Are they getting hay or alfalfa pellets in addition to their browse? I feed mine hay in the morning and then milk them. After milking, I leave their gate open to their pasture until evening, when I offer them a bit more hay and keep them in after milking. If I go away or it rains, the goats are put back in their pen. If all yours are getting is browse, if you allow them to spend the day in the pasture, they will eat when they need and rest and chew their cud when they are full.


----------



## Skykomish (May 28, 2008)

All they are getting is browse right now. I forgot to add she is not milking either. There is some hay in their stall but they don't seem to want to eat it.


----------



## Freeholder (Jun 19, 2004)

Is the hay fresh? Goats will only eat fresh hay (VERY picky eaters, LOL!). But if they are getting at least three hours a day to feed outside, they should be fine. Just keep an eye on their condition -- if they start to look like they are losing condition, then you need to make sure they get more to eat. 

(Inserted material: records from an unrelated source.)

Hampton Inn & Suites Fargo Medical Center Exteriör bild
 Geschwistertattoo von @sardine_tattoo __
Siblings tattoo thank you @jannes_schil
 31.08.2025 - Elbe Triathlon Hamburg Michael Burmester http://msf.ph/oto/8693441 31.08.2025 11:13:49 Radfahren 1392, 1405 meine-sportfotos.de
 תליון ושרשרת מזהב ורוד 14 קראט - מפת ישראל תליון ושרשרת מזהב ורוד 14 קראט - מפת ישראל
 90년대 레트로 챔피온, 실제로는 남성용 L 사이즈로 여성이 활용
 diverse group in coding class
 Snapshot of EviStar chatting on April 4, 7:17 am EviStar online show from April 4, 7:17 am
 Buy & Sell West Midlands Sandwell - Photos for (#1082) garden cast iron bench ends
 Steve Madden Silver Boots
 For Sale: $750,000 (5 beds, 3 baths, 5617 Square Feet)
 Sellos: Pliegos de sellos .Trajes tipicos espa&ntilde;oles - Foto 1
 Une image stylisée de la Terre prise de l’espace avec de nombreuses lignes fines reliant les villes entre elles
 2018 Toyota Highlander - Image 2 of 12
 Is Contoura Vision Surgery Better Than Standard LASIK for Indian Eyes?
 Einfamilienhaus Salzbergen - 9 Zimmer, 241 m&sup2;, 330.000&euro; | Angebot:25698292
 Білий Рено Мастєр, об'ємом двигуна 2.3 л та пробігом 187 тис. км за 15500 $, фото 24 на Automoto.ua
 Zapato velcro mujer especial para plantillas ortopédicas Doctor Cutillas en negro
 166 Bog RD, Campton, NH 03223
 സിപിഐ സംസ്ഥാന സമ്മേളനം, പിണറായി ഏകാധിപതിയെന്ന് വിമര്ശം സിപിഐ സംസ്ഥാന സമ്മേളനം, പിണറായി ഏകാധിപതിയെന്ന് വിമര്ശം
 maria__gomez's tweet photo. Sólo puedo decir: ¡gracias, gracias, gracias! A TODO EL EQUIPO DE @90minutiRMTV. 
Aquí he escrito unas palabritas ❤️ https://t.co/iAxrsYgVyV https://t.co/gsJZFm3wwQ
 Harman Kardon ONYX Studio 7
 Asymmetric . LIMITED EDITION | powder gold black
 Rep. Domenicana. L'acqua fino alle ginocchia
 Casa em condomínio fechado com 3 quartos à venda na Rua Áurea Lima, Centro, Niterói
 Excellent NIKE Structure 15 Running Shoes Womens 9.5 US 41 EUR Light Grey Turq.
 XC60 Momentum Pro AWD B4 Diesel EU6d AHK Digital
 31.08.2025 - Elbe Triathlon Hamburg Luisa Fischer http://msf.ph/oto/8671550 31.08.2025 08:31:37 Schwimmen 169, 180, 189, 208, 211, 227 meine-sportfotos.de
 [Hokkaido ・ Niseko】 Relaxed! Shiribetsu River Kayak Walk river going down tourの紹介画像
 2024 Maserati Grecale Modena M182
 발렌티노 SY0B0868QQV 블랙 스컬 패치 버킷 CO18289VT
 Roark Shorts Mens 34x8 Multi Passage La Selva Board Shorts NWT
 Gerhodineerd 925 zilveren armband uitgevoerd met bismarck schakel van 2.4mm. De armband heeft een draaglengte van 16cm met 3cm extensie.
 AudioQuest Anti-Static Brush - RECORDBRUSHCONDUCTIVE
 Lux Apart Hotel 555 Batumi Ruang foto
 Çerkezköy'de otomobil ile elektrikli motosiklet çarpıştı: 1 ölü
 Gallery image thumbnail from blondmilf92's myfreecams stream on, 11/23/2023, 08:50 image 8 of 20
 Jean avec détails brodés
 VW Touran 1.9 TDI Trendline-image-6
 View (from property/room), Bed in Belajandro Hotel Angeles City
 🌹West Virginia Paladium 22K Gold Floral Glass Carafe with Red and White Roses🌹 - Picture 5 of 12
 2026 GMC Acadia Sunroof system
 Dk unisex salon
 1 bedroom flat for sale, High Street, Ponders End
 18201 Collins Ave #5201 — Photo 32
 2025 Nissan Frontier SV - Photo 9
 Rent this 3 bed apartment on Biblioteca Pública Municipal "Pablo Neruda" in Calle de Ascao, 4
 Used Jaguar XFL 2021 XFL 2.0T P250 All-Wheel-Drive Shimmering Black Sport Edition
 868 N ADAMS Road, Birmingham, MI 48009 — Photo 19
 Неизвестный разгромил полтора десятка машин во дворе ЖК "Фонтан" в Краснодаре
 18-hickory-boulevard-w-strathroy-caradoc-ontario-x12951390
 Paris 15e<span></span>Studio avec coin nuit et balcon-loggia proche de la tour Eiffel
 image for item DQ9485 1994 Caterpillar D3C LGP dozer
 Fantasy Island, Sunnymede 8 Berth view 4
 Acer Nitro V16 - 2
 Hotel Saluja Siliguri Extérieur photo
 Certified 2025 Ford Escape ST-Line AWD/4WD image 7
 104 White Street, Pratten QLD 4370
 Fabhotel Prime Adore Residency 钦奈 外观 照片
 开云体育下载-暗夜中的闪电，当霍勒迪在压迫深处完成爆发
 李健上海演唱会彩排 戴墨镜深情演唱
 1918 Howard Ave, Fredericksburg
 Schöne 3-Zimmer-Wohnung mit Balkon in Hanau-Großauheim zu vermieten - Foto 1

Do make sure they get wormed when they need it, though.

Kathleen


----------



## Sweet Goats (Nov 30, 2005)

Goat eat (Browse) a average of 8 times a day. I would say that they need to have other good hay if they are only browsing 3 hours a day. They also need a good mineral.


----------



## Ernie (Jul 22, 2007)

It also depends on the quality of browse. This time of year, my goats spend as much time under a shade tree as they do actually out browsing. In the fall after the first killing frost, they spend pretty much all day out in the pasture eating the brown stuff. 

Do you not have your animals fenced in any way? Is that what you mean by keeping them penned unless you can supervise them?


----------



## Skykomish (May 28, 2008)

There is a pen that is like 30x20 with another square about half that size with an indoor stall area they sleep in and when I'm not available to watch them they are in. But they already ate the browse out of it. The rest of the 5 acres has a 5 wire fence but I don't know if they can go through that (I imagine they could if they wanted to) and I do like to try to keep them out of my garden and off my bushes when they're out. They spend the entire time they are out of the pen browsing as its not too hot here and they don't rest in the shade.


----------